Un concepto que enmascara la situación real de los pueblos del Sur planteándola como resultado del “atraso” y no de la dominación, y situando al Norte como faro, como guía que se rige por una lógica, una manera de entender el mundo y una manera de organizarse que todos los pueblos deben perseguir para alcanzar las condiciones ideales de existencia, basadas en la abundancia generalizada de mercancías y definidas desde el club de los “desarrollados”. Se contribuye así a consolidar la economía convencional en el puesto de mando, legitimándose y “naturalizándose” la inferioridad de las realidades del Sur desde la superioridad del Norte, que, como si se tratara de una cuestión puramente técnica, propugna el uso de la tecnología y el crecimiento económico como vehículos para la convergencia o aproximación al desarrollo.
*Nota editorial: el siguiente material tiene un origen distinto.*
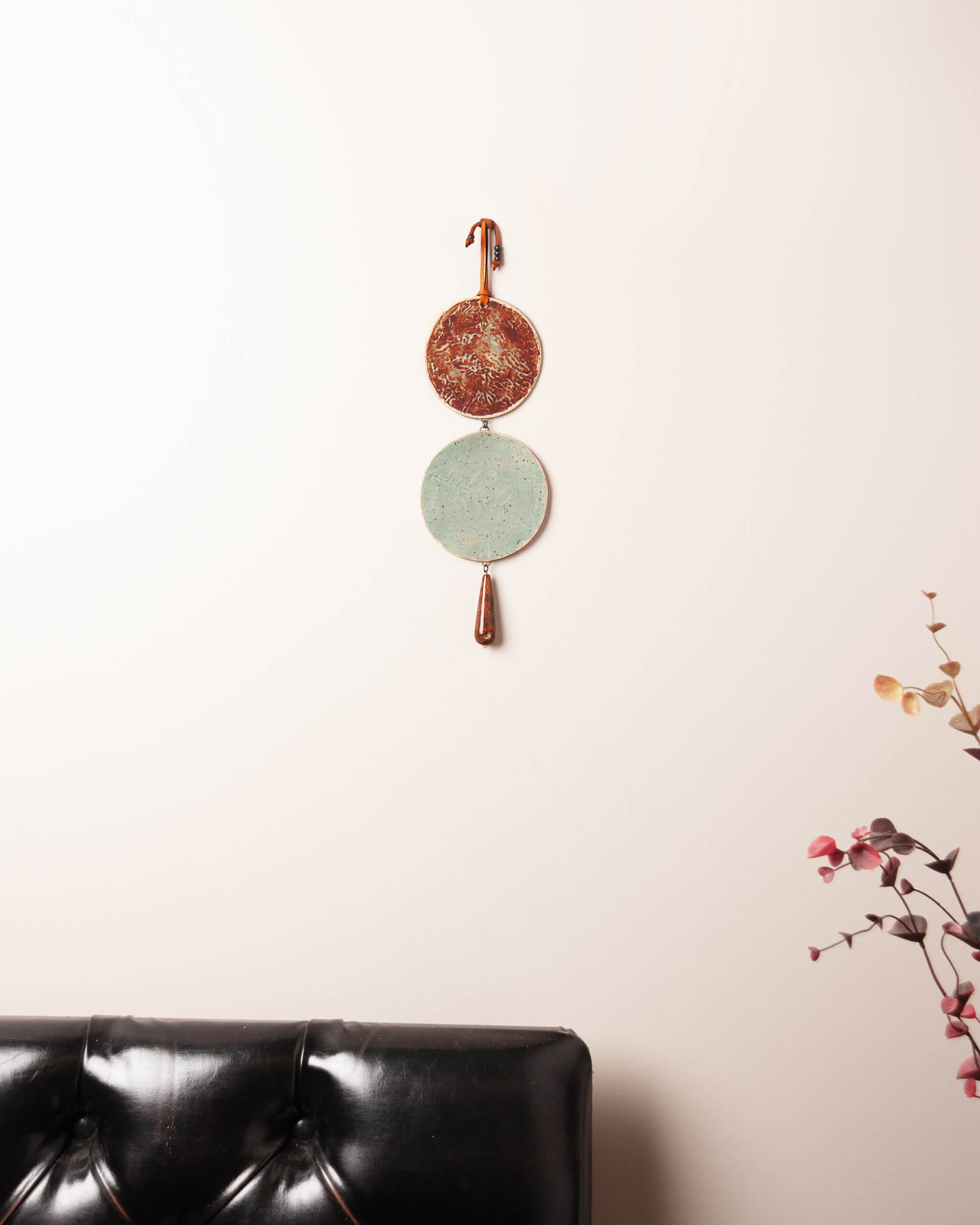 Tide and Fern Cascade ceramic wall hanging displayed in home setting showing full two disc cascade construction and contrasting glaze colors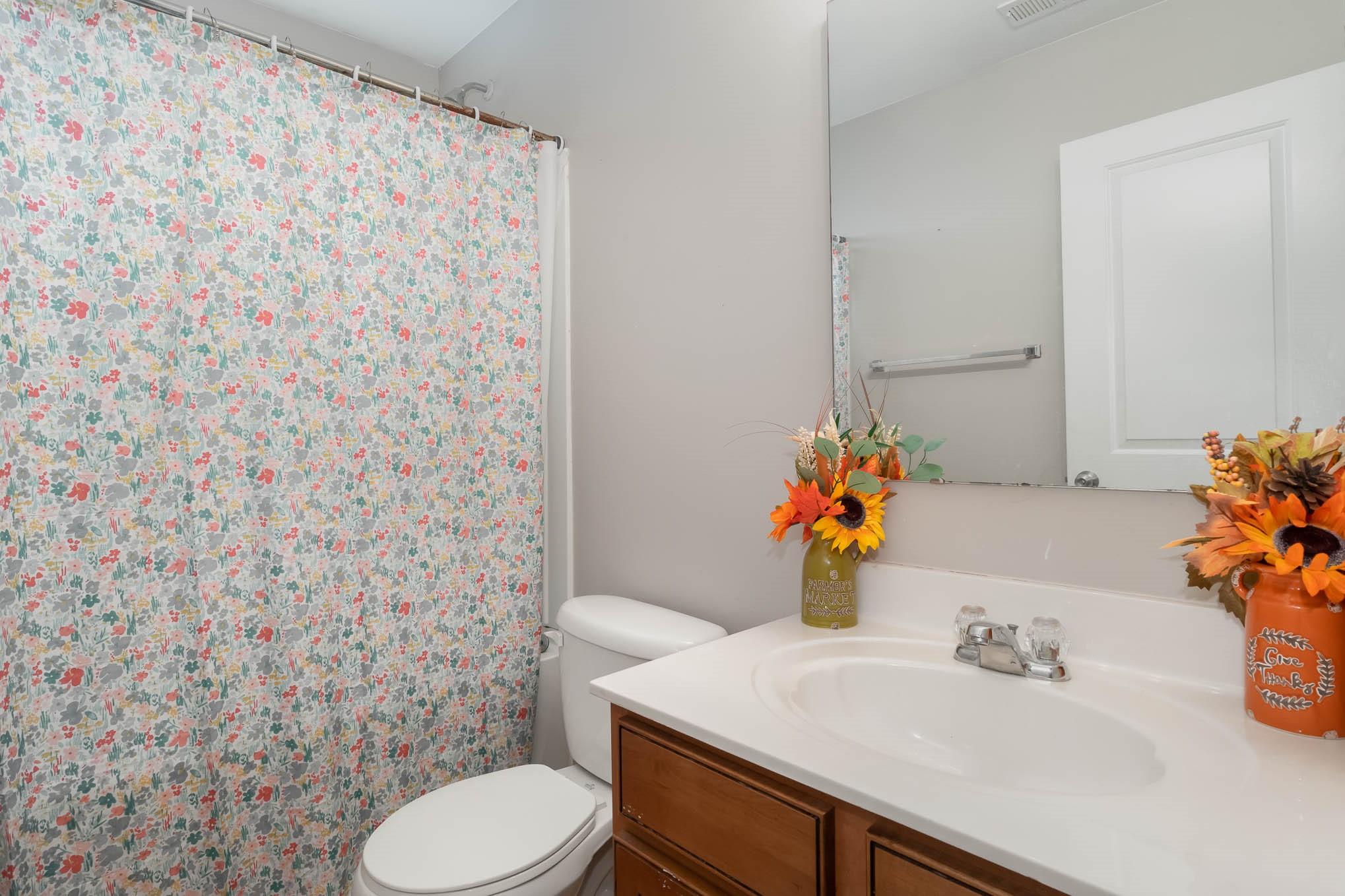 707 Harrier Road Charlotte, NC 28216 - Photo 22 of 29 a bathroom with a sink toilet and mirror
El desarrollo se convierte así en un instrumento de poder y de control que alimenta un proceso de enajenación para los pueblos periféricos en la doble acepción del término: traslado hacia otros del dominio sobre lo propio y pérdida del sentido –“sacar fuera de sí”-, de su propia realidad. De este modo, los pueblos del Sur se ven privados de su historia y de su cultura. Situado el objetivo en “ser como”, la historia se reinterpreta por referencia, desde el camino seguido por las sociedades “modélicas”, mientras que la cultura, en la medida en que supone maneras distintas de entender la vida y de vivir, sólo sobrevive en forma de residuo o de restos que “conviene” que desaparezcan con el avance del proceso de modernización, interpretado éste como aproximación al desarrollo.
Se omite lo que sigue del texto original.